Fiery Caribbean Delight

Experience the vibrant and bold flavors of the Caribbean with this mouthwatering recipe for spicy jerk chicken. Succulent, marinated chicken thighs bursting with aromatic spices, melded with fiery Scotch bonnet peppers and a touch of sweetness. Grilled to perfection for a smoky char that will transport you to a tropical paradise. Get ready to ignite your taste buds with this explosive jerk chicken!
ingredients
- 4 bone-in, skin-on chicken thighs
- 3 scallions, roughly chopped
- 2 Scotch bonnet peppers, seeds removed
- 4 garlic cloves
- 1 small onion, roughly chopped
- 1 tablespoon fresh thyme leaves
- 1 tablespoon ground allspice
- 1 teaspoon ground cinnamon
- 1 teaspoon ground nutmeg
- 1 teaspoon ground ginger
- 2 tablespoons soy sauce
- 2 tablespoons vegetable oil
- 1 tablespoon brown sugar
- 1 tablespoon lime juice
- 1 teaspoon salt
steps
- 1.
In a food processor, blend scallions, Scotch bonnet peppers, garlic, onion, thyme, allspice, cinnamon, nutmeg, ginger, soy sauce, vegetable oil, brown sugar, lime juice, and salt until a smooth marinade forms.
- 2.
Place chicken thighs in a shallow dish and pour the marinade over them, ensuring they are fully coated. Cover and refrigerate for at least 2 hours, or preferably overnight.
- 3.
Preheat grill to medium-high heat.
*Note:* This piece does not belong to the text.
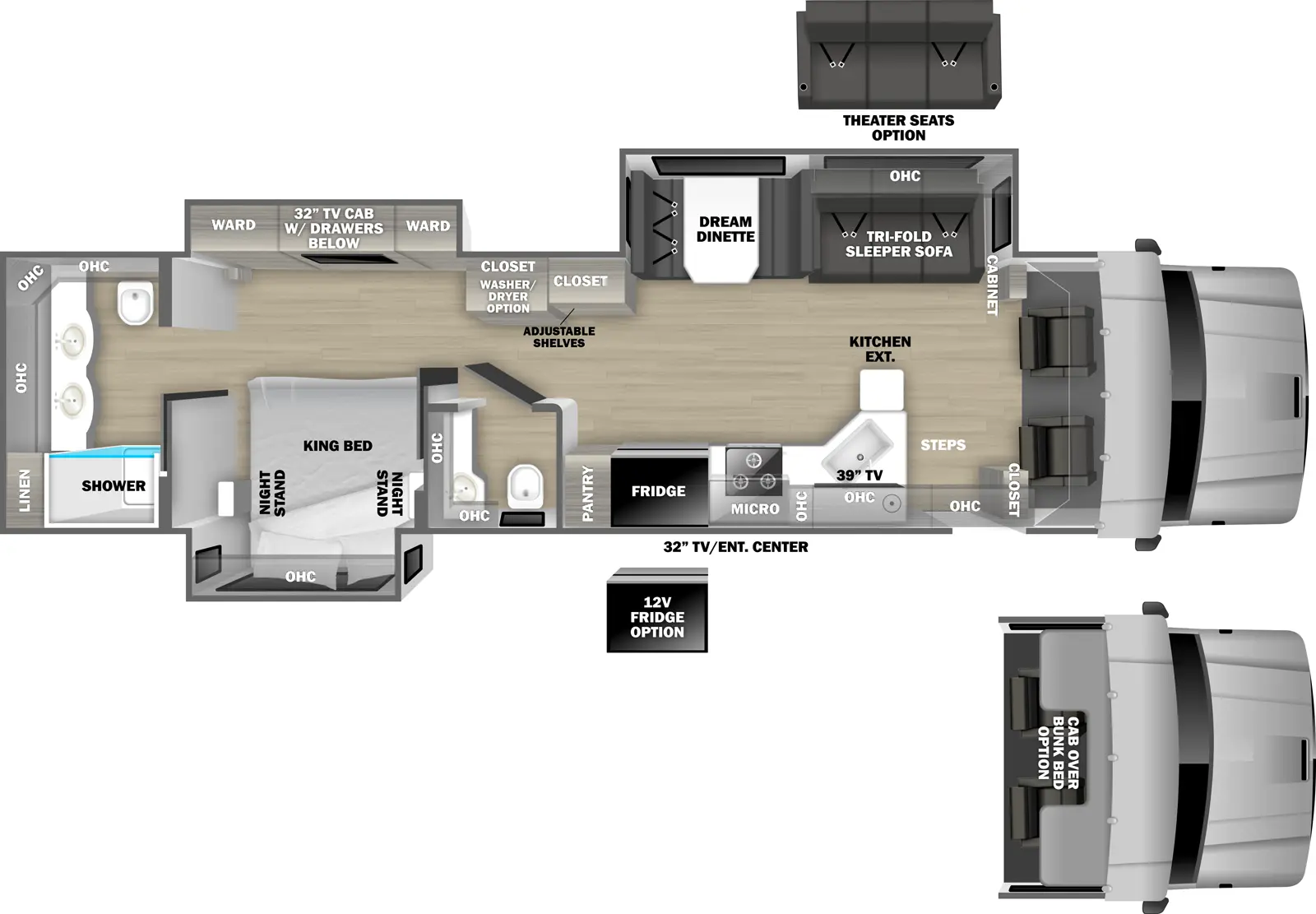 Dx3 37RB Floorplan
Remove chicken from marinade, allowing excess to drip off, and reserve the marinade.
- 4.
Grill the chicken, skin side down, for about 5-6 minutes per side or until the internal temperature reaches 165°F (75°C). Baste with the reserved marinade during the last few minutes of cooking.
- 5.
Remove the chicken from the grill and let it rest for a few minutes before serving. Serve with your favorite Caribbean sides and enjoy the unforgettable flavors of spicy jerk chicken.